One of the concerns that my clients raise with me when they get into a dispute with a limited company, is that the company can simply shut down to avoid paying the debt but then start again the following day under a slightly different name. People think that unscrupulous tradesmen can wind up one company and then incorporate a new company, without any liability for the original claim. That is not generally true and the process involved in winding up a company is not as straight forward as urban myth would have you believe.
Liquidation can be carried out by the company itself in one of two ways; Members Voluntary Liquidation (“MVL”) and Creditors Voluntary Liquidation (“CVL”).
An MVL is a process whereby the directors of the company decide to close down the company for, normally, personal reasons at a point when the company is still solvent. The shareholders have to pass a resolution (with 75% approval) whereby the company is wound up and liquidators are appointed. The company can only do this if the majority of directors sign a declaration of solvency.
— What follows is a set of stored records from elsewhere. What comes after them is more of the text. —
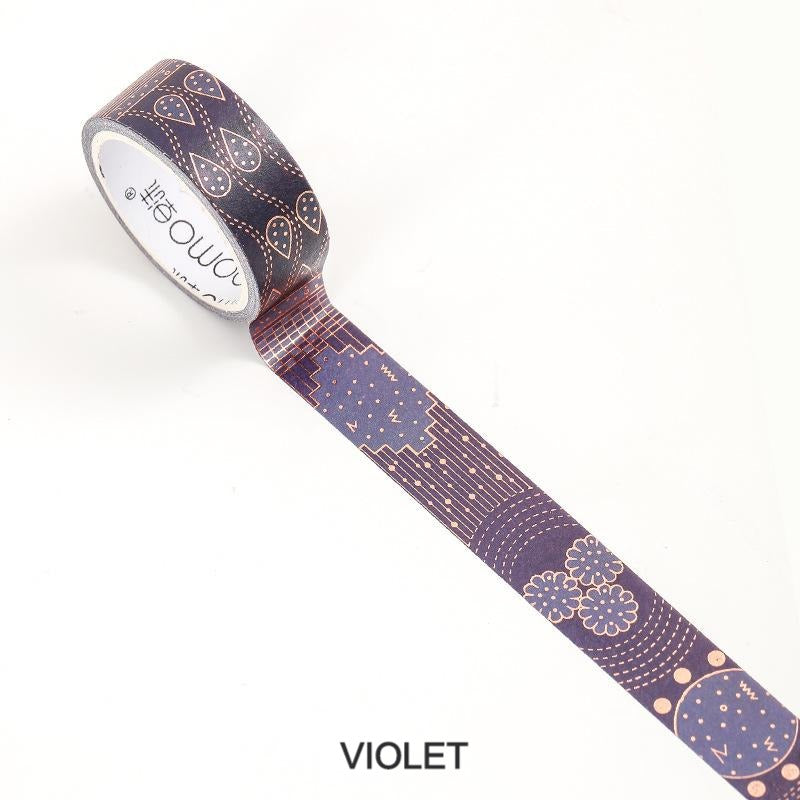 Glittering Exotic Washi Tape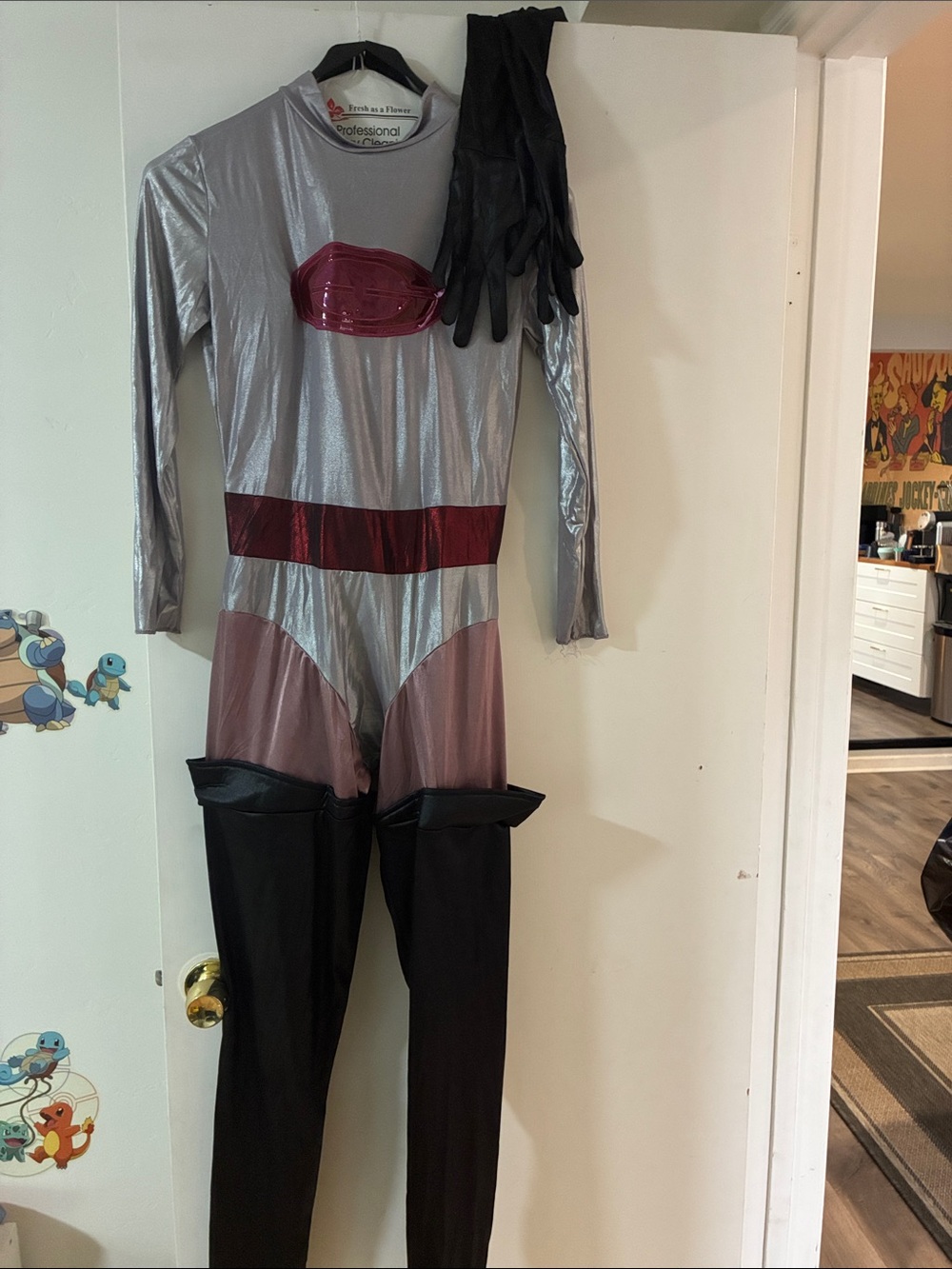 Women’s Incredibles 2 Costume Elastigirl size Medium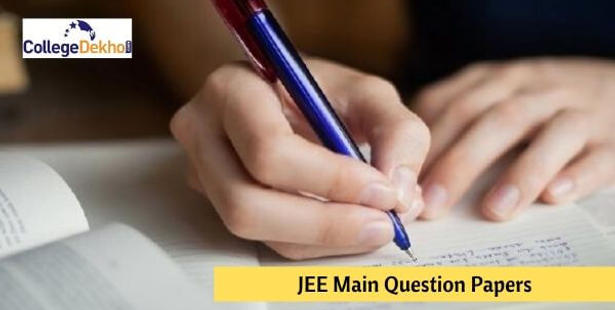 JEE Main Question Papers for April 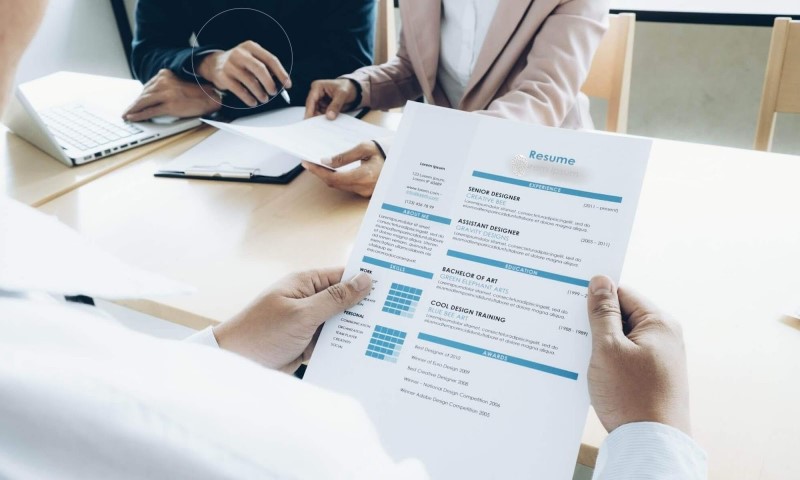 Vai trò của sự xuất hiện CV thiết kế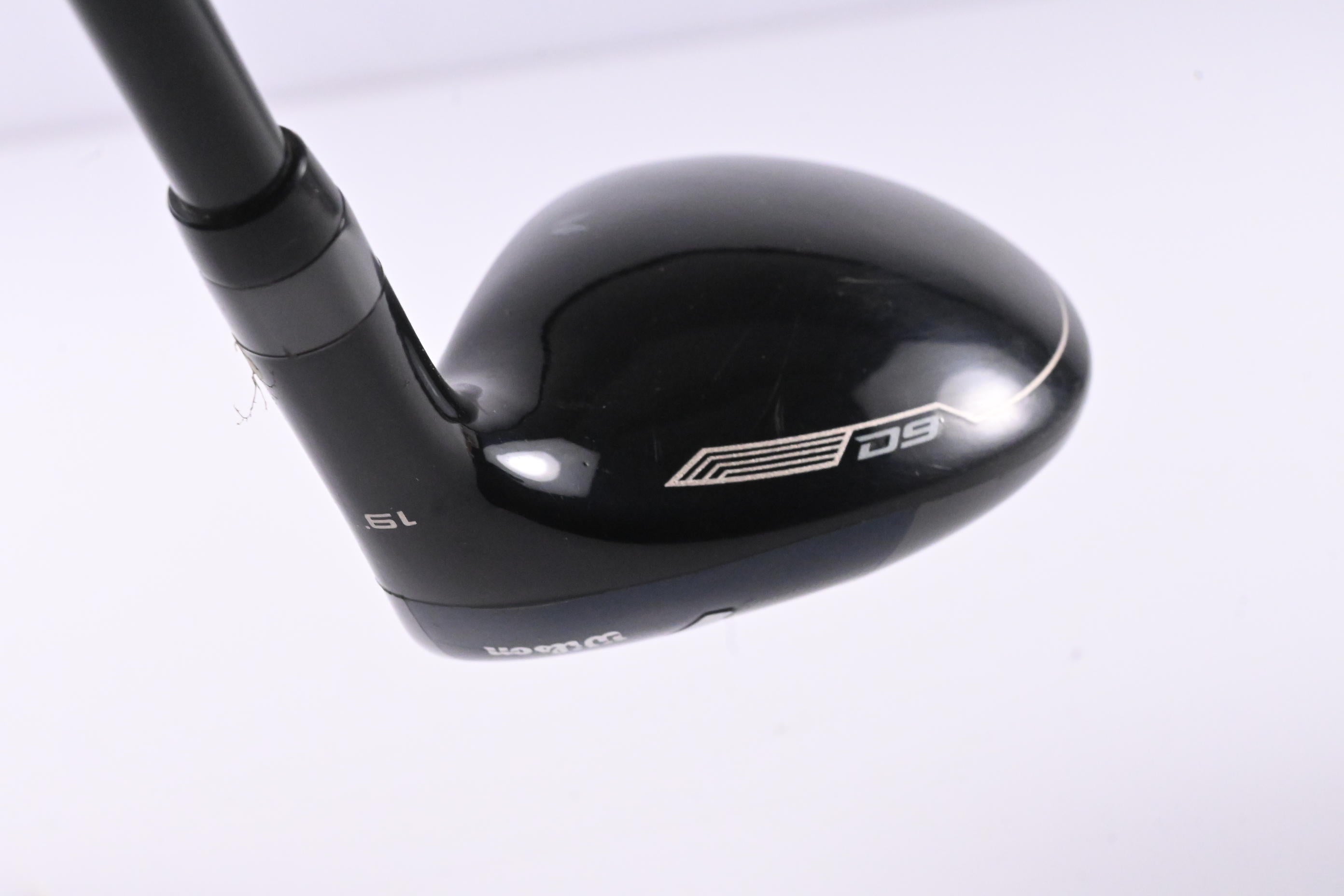 Wilson D9 #3 Hybrid / 19 Degree / Regular Flex Tensei AV Silver 60 Shaft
This process can only be followed if the company is insolvent. The company would also have to pass a special resolution to wind up the company.
Therefore, the company will, in the case of an MVL, have to deal with any claim so as to prove it is solvent. In the case of CVL it may be possible to wind up the company and write off any claim, but the company itself would already be in financial trouble. i.e. It could not wind up the company simply to avoid paying a specific claim against it.
It is more likely that the process of a company going into administration is more akin to closing down and then starting up as a new company the following day. This is , again, not entirely the case but it can seem that way to the outsider, but administration is a different process altogether and requires a totally separate discussion.